4.4.2 Cultuurhistorie

Door de SRE is tevens een cultuurhistorisch beleidskaart opgesteld. Op de volgende afbeelding zijn de cultuurhistorisch waardevolle elementen in het plangebied weergegeven.

afbeelding "i_NL.IMRO.0858.BPdommelen-VA01_0012.png"

afbeelding "i_NL.IMRO.0858.BPdommelen-VA01_0013.png"

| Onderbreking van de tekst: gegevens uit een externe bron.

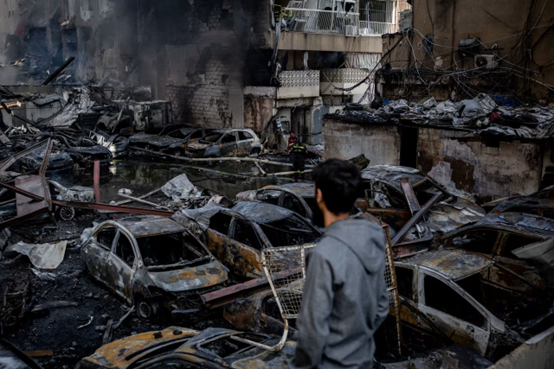 据环球网报道，美伊终于坐上谈判桌，为期两周的临时停火让世界松了口气。但这场战争早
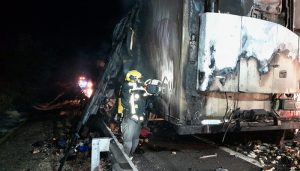 Cortado un carril de la A-3 sentido Madrid por el incendio de un camión frigorífico que transporta aceite vegetal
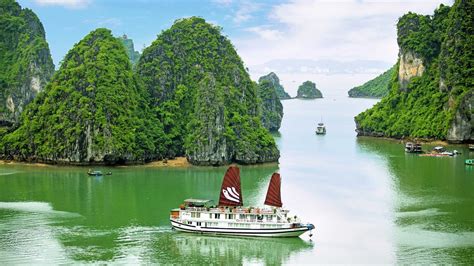 Download Ha Long Bay Wallpapers Most Beautiful Places In The World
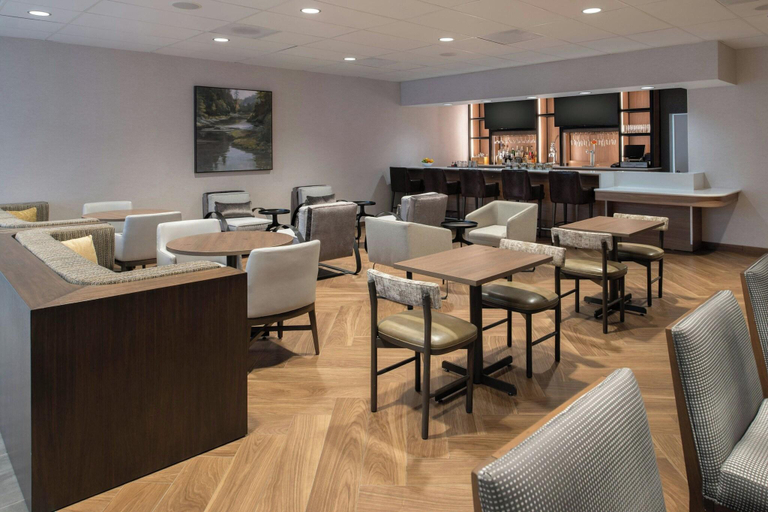 Food & Drinks 5, Fairfield Inn & Suites By Marriott Issaquah, King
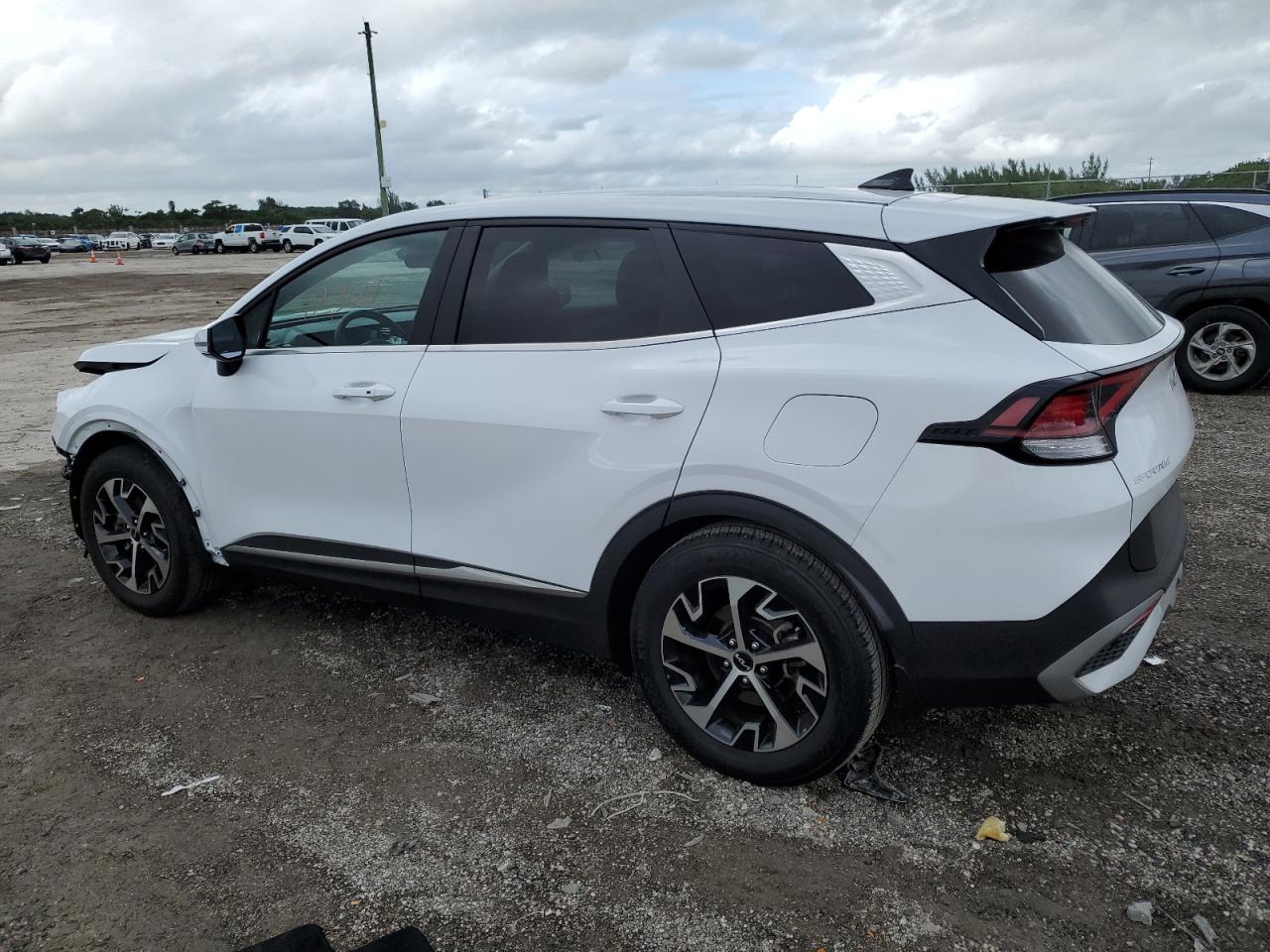 Изображение 2 2023 KIA SPORTAGE EX 2023 с VIN 5XYK33AF4PG059139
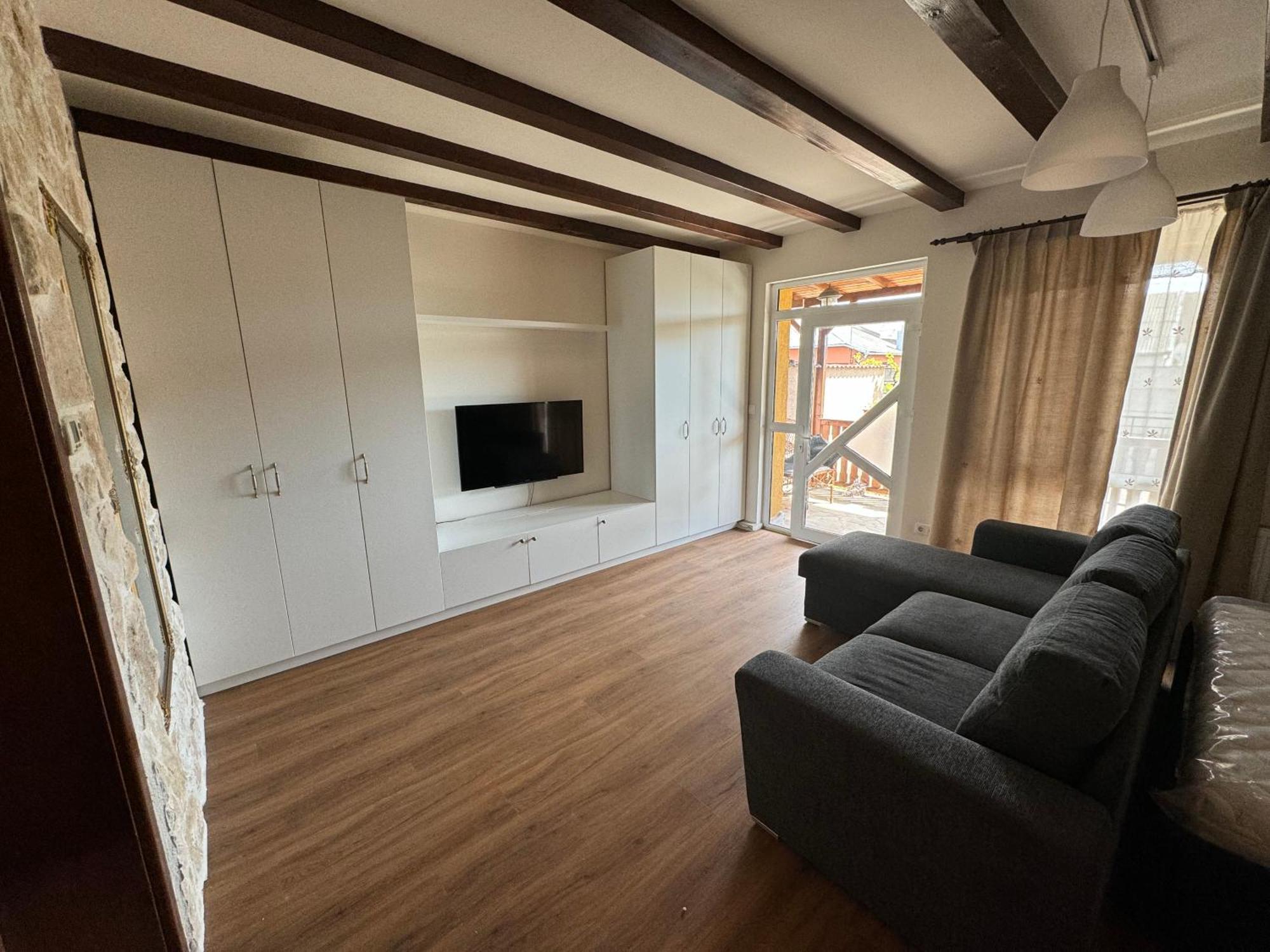 ホテル Casa Smarald Turda Noua エクステリア 写真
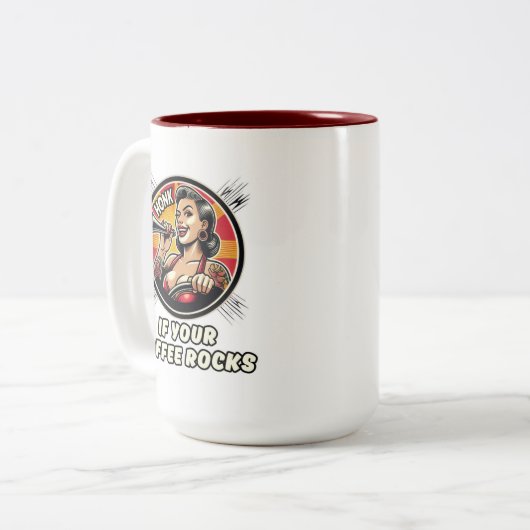 美しい強い女性がコーヒーを飲む ツートーンマグカップ (正面左)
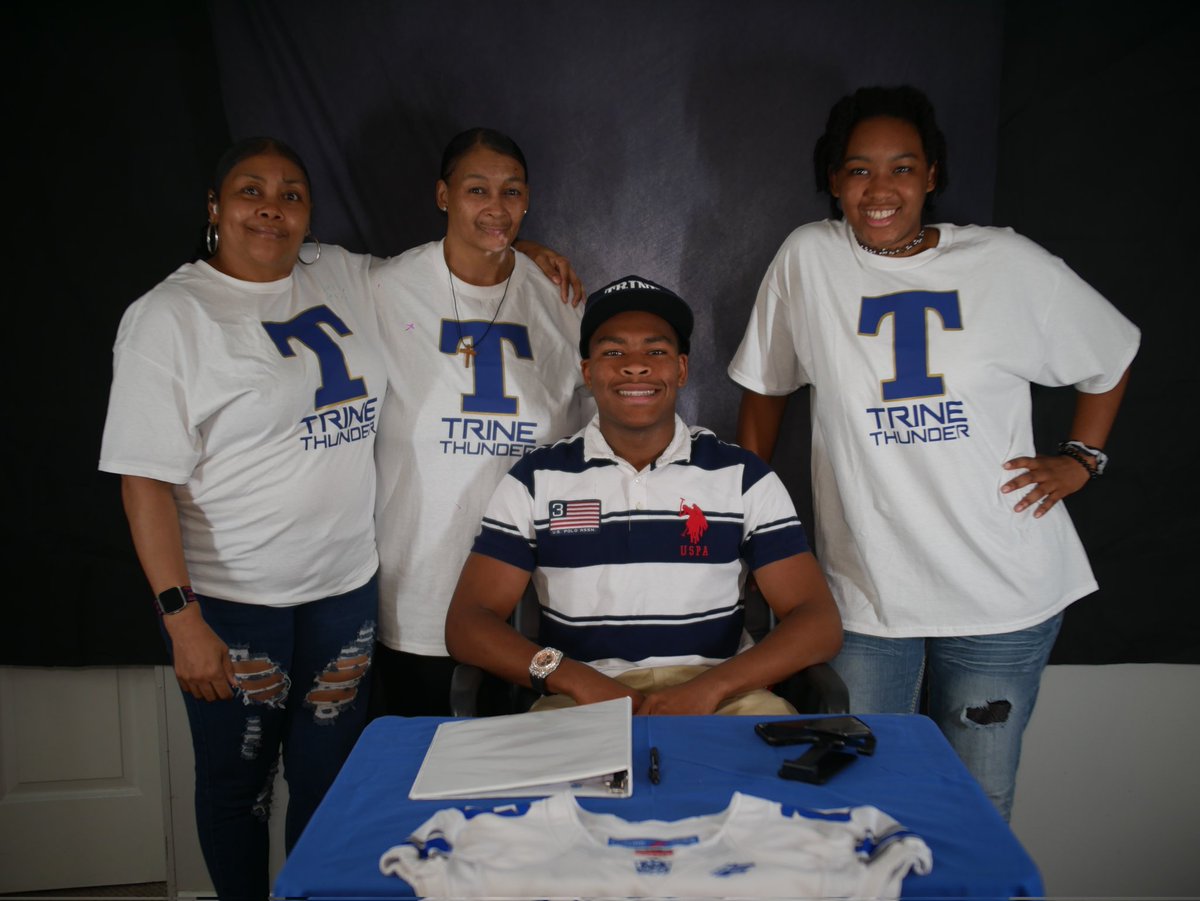 DivontaeMcCorm1's tweet photo. Committed to Trine University @TrineThunderFB  here I come let's go 📝💯 https://t.co/xcDLRK8SFm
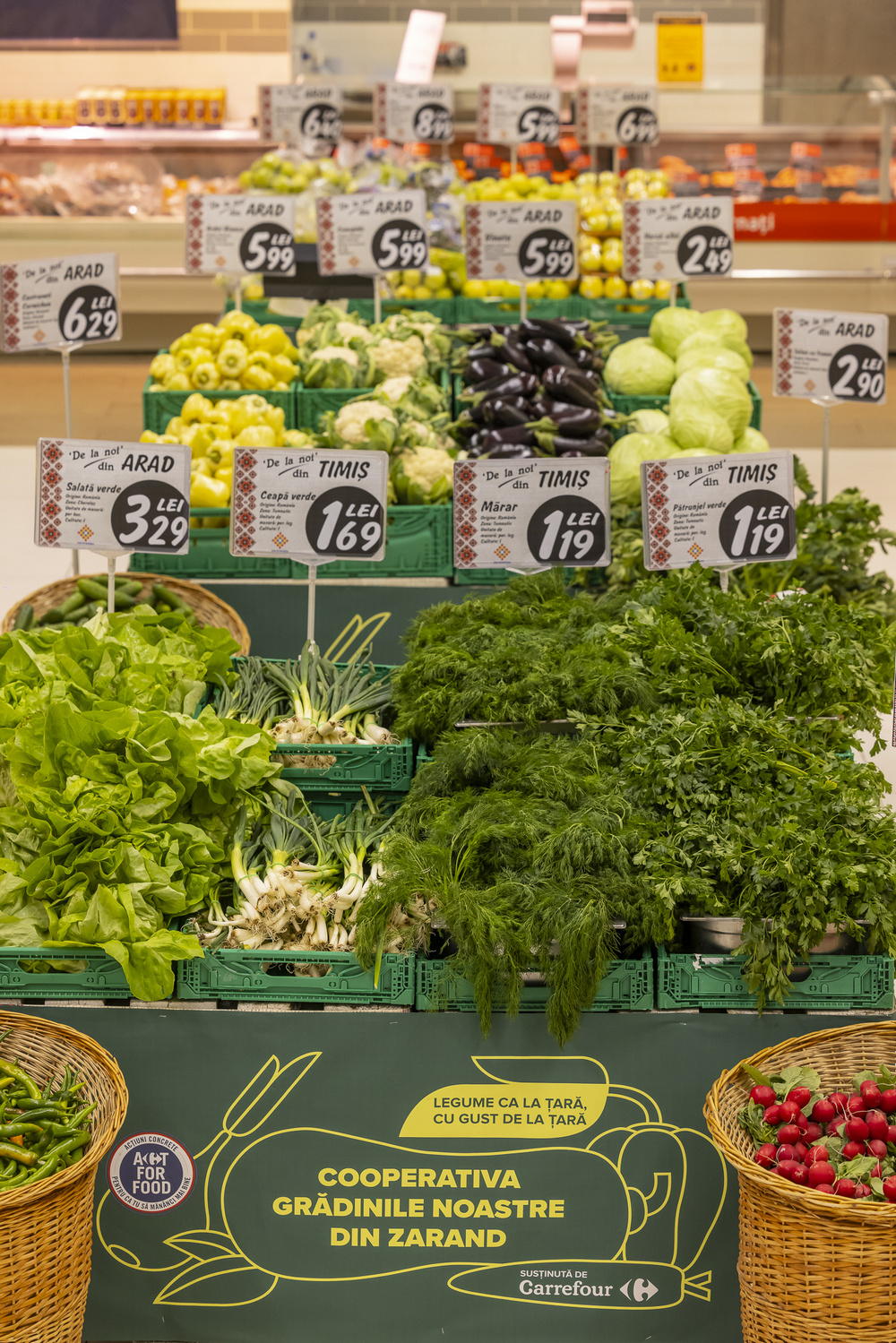 Mai multe produse românești ajung în magazinele Carrefour din vestul țării 7 Carrefour Produse Cooperativa Gradinile noastre din Zarand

Afbeelding 11: Uitsnede cultuurhistorische beleidskaart

In het plangebied komen de volgende cultuurhistorisch waardevolle panden voor:

adres   omschrijving  
Bergstraat 5   n.v.t.  
Bergstraat 31   n.v.t.  
Bergstraat 32   Horecabedrijf, eenlaags (ca. 1930-1940) met zadeldak. Typerend voor de landelijke woningbouw kort voor 1940.  
Bergstraat 41   n.v.t.  
Bergstraat 52   Woonhuis, architectuurhistorisch van belang wegens het ontwerp. Pand vormt een essentieel onderdeel van diverse beeldbepalende panden in de omgeving.  
Bergstraat 54   n.v.t.  
Bergstraat 57 en 59   n.v.t.  
Bergstraat 58   n.v.t.  
Bergstraat 60   n.v.t.  
Bergstraat 71   Voormalig raadhuis eenlaags (1918), landelijke bouwkunst met siermotieven, nu een woonhuis.  
Brouwerijplein 84   Voormalige fabrikatenvilla 'De Berg' uit 1927. De villa kent een hoge monumentale waarde wegens de verbondenheid en rijke geschiedenis met de Dommelse brouwerij.  
Brouwerijplein 85 en 86   Voormalige Sint-Martinusschool (nr. 85) en onderwijzerswoning (nr. 86) uit 1882 hebben een hoge waarde, die voor een groot deel te danken is aan de cultuurhistorische waarde van het complex, vanwege zijn geschiedenis.  
Brouwerijplein 87   De Dommelsche Bierbrouwerij is cultuurhistorisch waardevol, dan wel monumentaal. Belangrijke elementen zijn het ketelhuis uit 1935, de oranjerode baksteen gevel uit 1962, de schoorsteen uit de periode 1930/1935 en de murenschilderingen in de ontvangsruimte uit 1962.  
Brouwerijplein 88   Fabrikantenvilla uit 1894 van zeer hoge munumentale waarde, onder meer wegens de verbondenheid met de brouwerij.  
Dommelstraat 13   n.v.t.  
Dommelstraat 22   n.v.t.  
Helenadal kapel   n.v.t.  
Hovenierwei 18   n.v.t.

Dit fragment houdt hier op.